:: Problem description ::
Restate the data below word for word. Leave the images out.

(Short web captions)
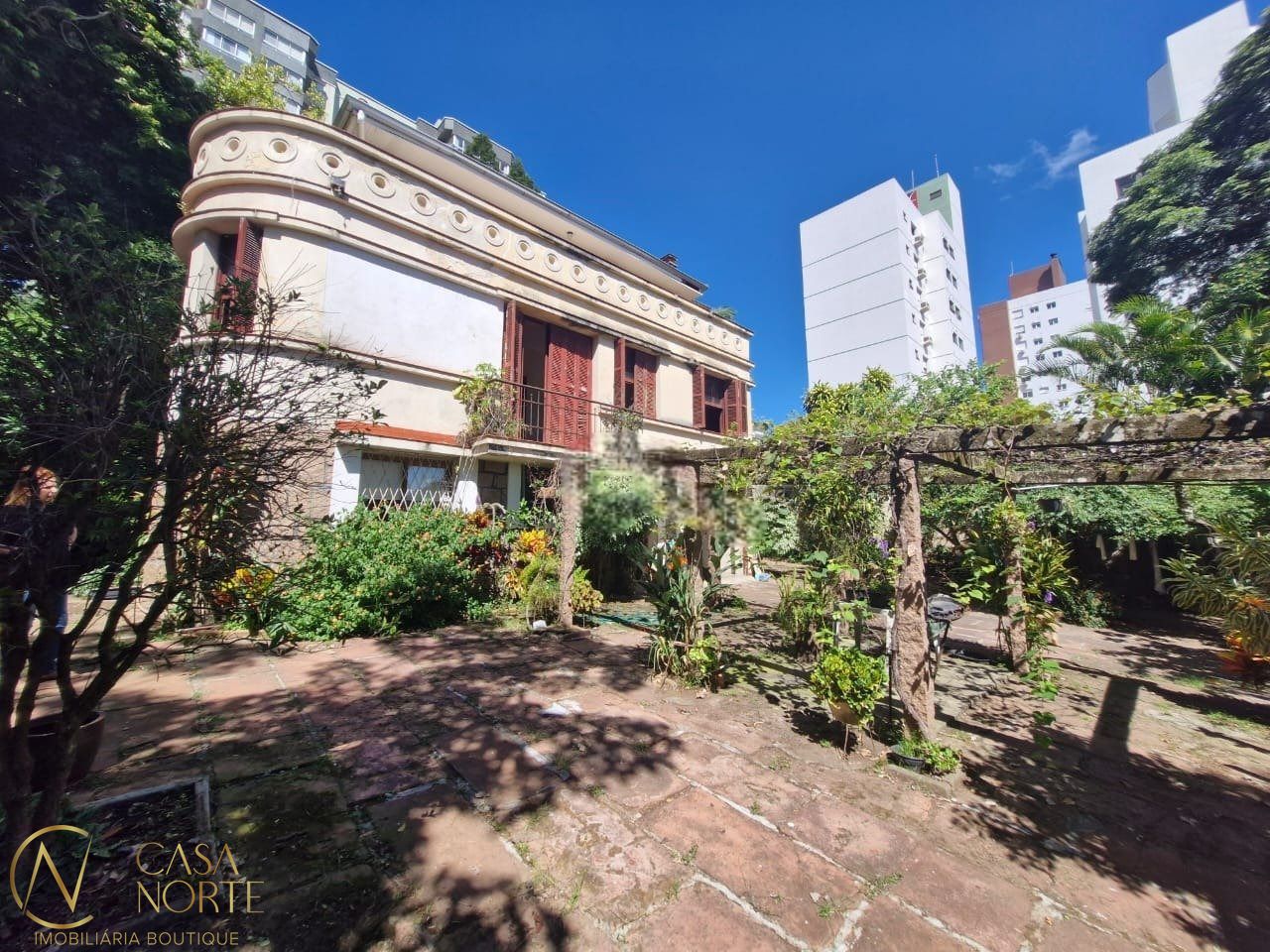 Casa à venda com 4 quartos, 350m², 2 vagas, Rua Dário Pederneiras no bairro Petrópolis em Porto Alegre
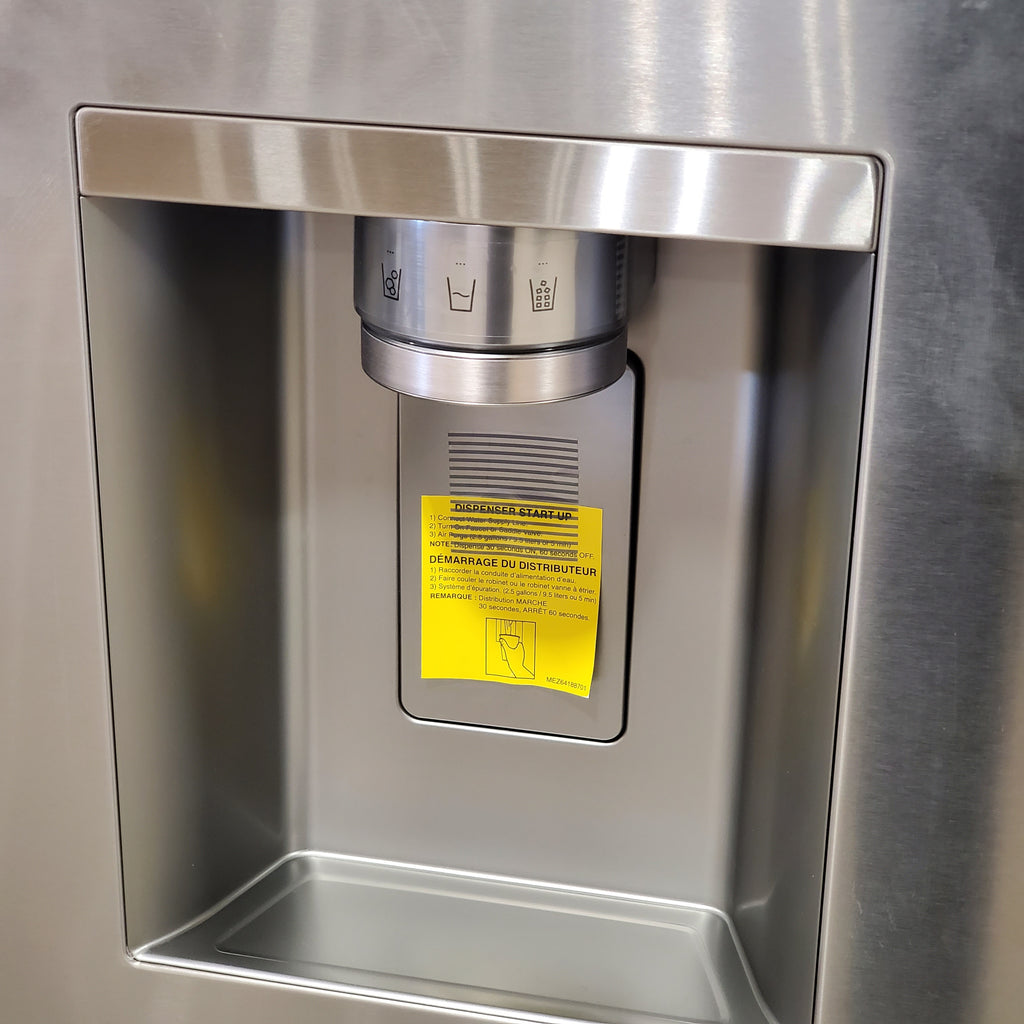 LG 26 cu. ft. Counter-Depth French Door Refrigerator in Stainless Steel with Mirror InstaView™ 3SD917 - LRYKC2606S - Scratch & Dent (Minor)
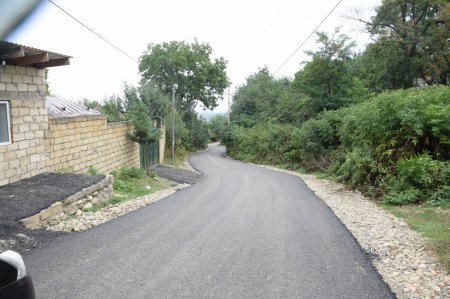 Quba Rayon İcra Hakimiyyətinin başçısı İlqar Mahmudov aidiyyəti şəxslərlə birlikdə rayonun Əski İqrığ kəndinin bu günlərdə yenidən qurulmuş və asfaltlanmış yoluna baxış keçirmişdir.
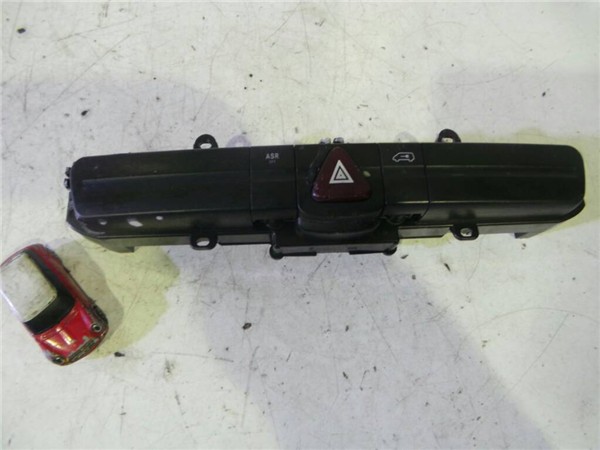 interruptor luces emergencia mercedes benz sp
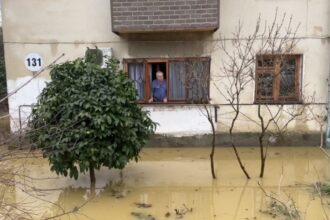 Крупные оползни повредили дороги в двух районах Сочи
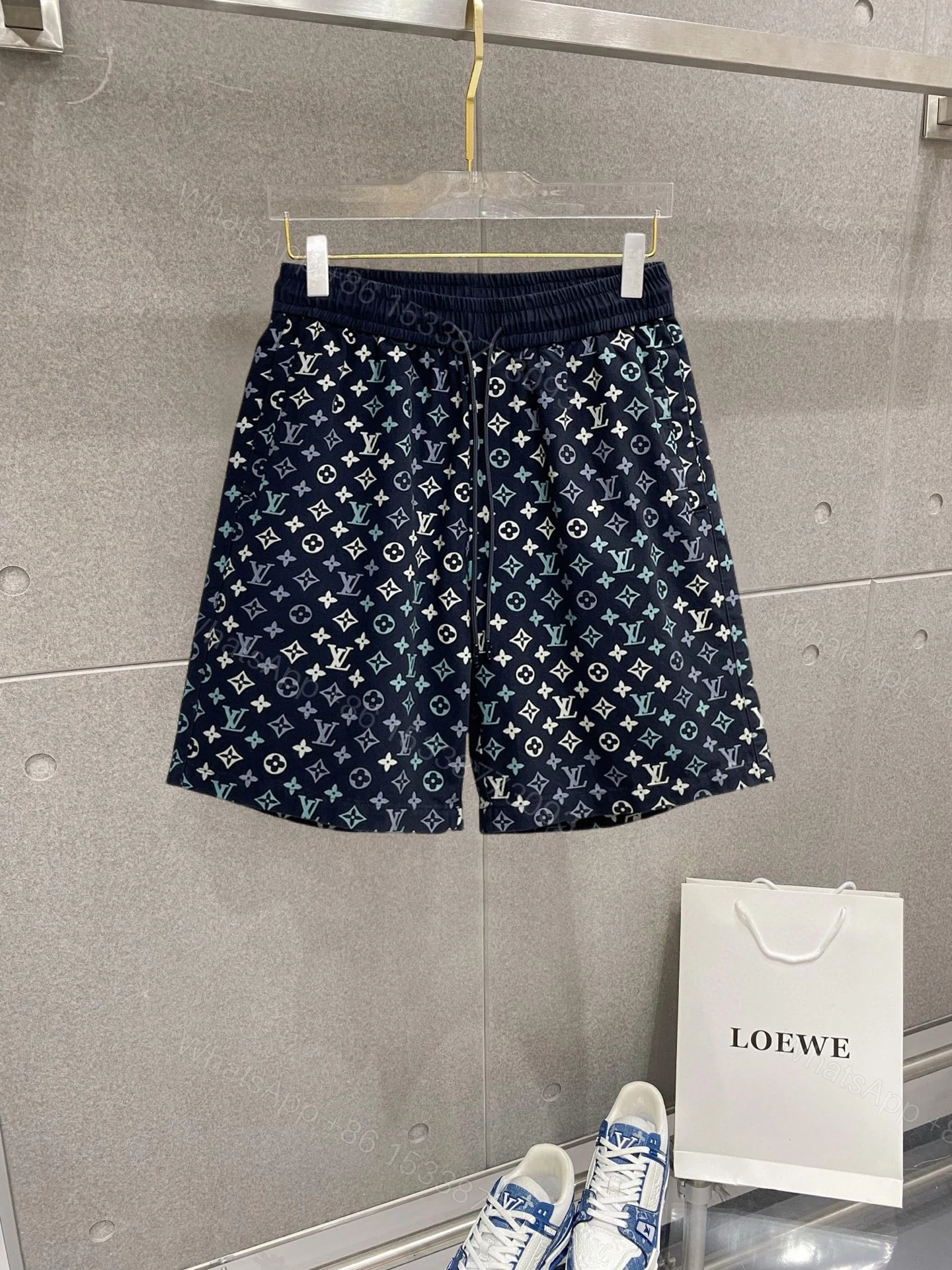 LV 一比一滿版老花短褲 藍色經典印花休閒款 — view 1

:: Answer to the exercise ::
 Casa à venda com 4 quartos, 350m², 2 vagas, Rua Dário Pederneiras no bairro Petrópolis em Porto Alegre
 LG 26 cu. ft. Counter-Depth French Door Refrigerator in Stainless Steel with Mirror InstaView™ 3SD917 - LRYKC2606S - Scratch & Dent (Minor)
 Quba Rayon İcra Hakimiyyətinin başçısı İlqar Mahmudov aidiyyəti şəxslərlə birlikdə rayonun Əski İqrığ kəndinin bu günlərdə yenidən qurulmuş və asfaltlanmış yoluna baxış keçirmişdir.
 interruptor luces emergencia mercedes benz sp
 Крупные оползни повредили дороги в двух районах Сочи
 LV 一比一滿版老花短褲 藍色經典印花休閒款 — view 1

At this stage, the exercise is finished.